What has surprised you about the reality of board service versus the expectations that you had coming in – in a positive or maybe not so positive way?
Something interesting is how each board has its own unique character influenced in equal measure by the company’s culture, board and company leadership philosophies, the backgrounds and personalities of individual board members, and the company’s level of governance maturity. I think some people would expect the industry to have a big impact, but I’ve found that to be less of a factor.
What one piece of advice would you offer to women interested in corporate board service?
In terms of finding board opportunities, it really is all about networking and managing your own expectations. I was initially told that the first board seat would likely take a couple of years, but I was able to add one new corporate board in each of the first two years of my journey, and then two public company boards in the third year. That said, I have found each situation to be unique – my latest board appointment was more than 24 months in the making, but in another case the process lasted barely six weeks. There is definitely much more variability than I would have expected in how different boards go about identifying, interviewing, selecting and onboarding new members.
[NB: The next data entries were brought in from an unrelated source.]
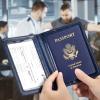 Passport and Vaccine Card Holder Combo, Passport Holder with Vaccine Card Slot, Passport Wallet, Passport Cover, Passport Case, Passport Holder for Women and Men(AB-Dark blue) view 2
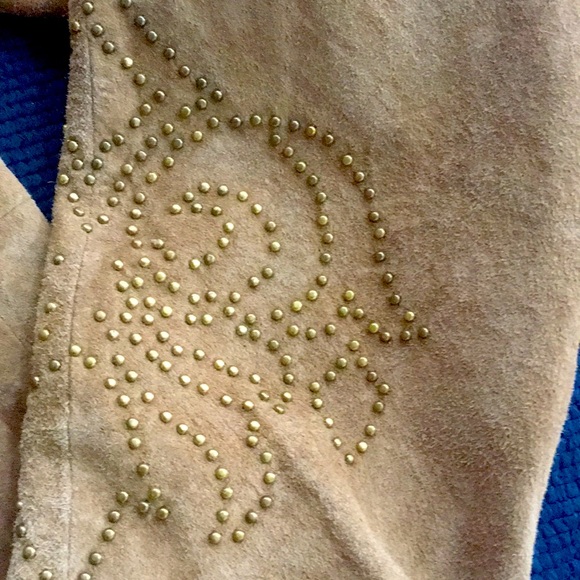 NWT suede MEDIUM ladies jacket lined two pockets Bren studs - Picture 5 of 7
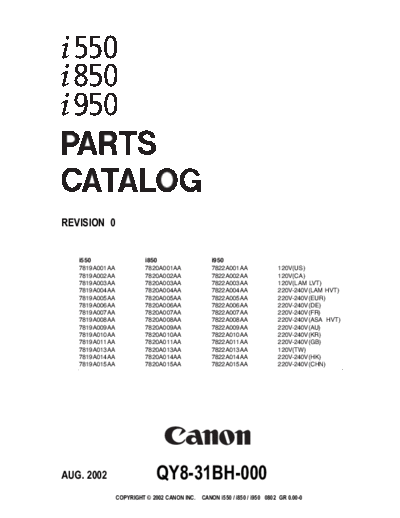 Canon i550, i850, i950 Parts Manual
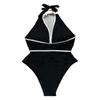 2025 Neckholder Einfarbig Floral Bademode – Taillenformender Damen Bikini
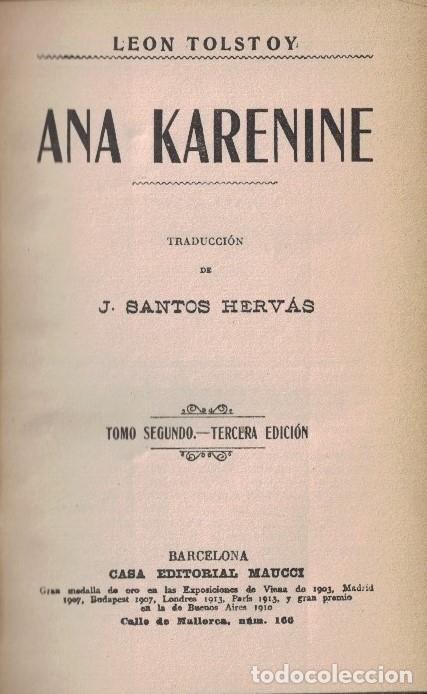 Libros: ANA KARENINE. 2 Tomos. - Tolstoy. Le&oacute;n, - Foto 2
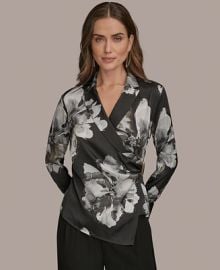 Donna Karan New York Women39s Long-Sleeve Printed Shawl-Collar Blouse - Macy39s at Macys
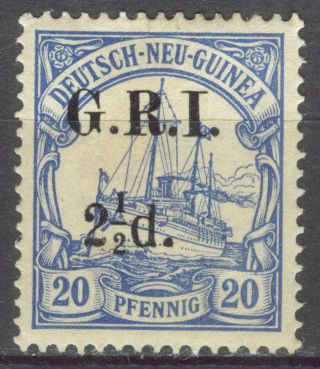 German Guinea British Occupation 1914 Wwi - 2 1/2 D.  On 20 Pfennig 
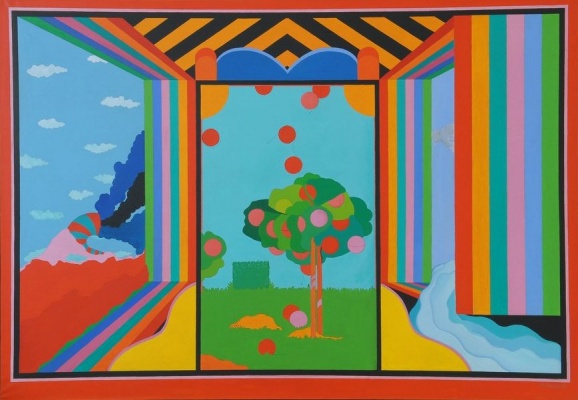 António Palolo, Jardim das delícias, 1970, acrílico sobre tela, 141x202 cm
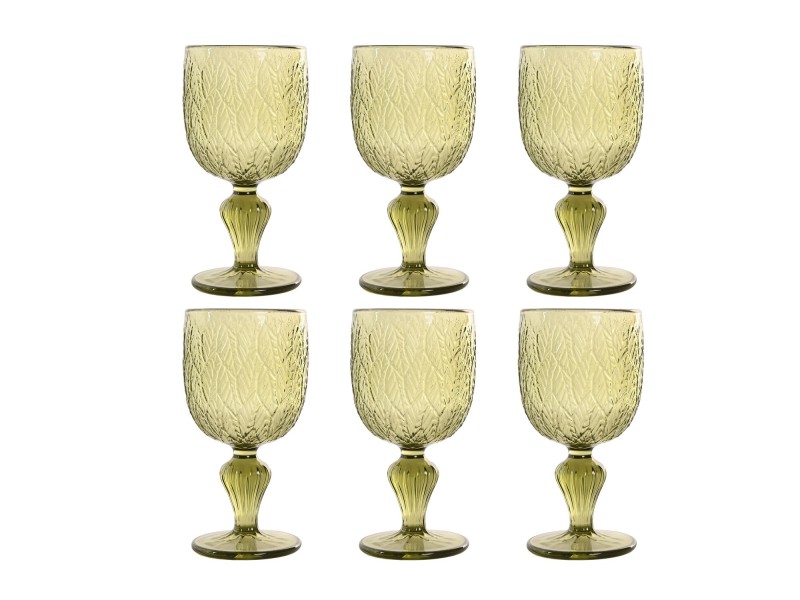 Juego de copas hoja verde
Also, I strongly recommend taking the time at the outset to be really clear with yourself about why you’re interested in board service. What do you want to contribute, what do you want to accomplish, and what do you hope to gain? For me, it’s bringing a global perspective on driving growth, dealing with disruption, and leading transformation, and working with diverse groups of multi-talented individuals to learn, grow, and succeed together in shaping businesses with lasting positive impact.
What knowledge and/or practice specific to WIB prepared you for corporate board service?
I found the Women in the Boardroom webinar on preparing for a board interview very helpful. Sheila has also been a great thinking partner at all stages of the journey and has connected me to highly effective expert resources to help deal with special situations that my boards encountered.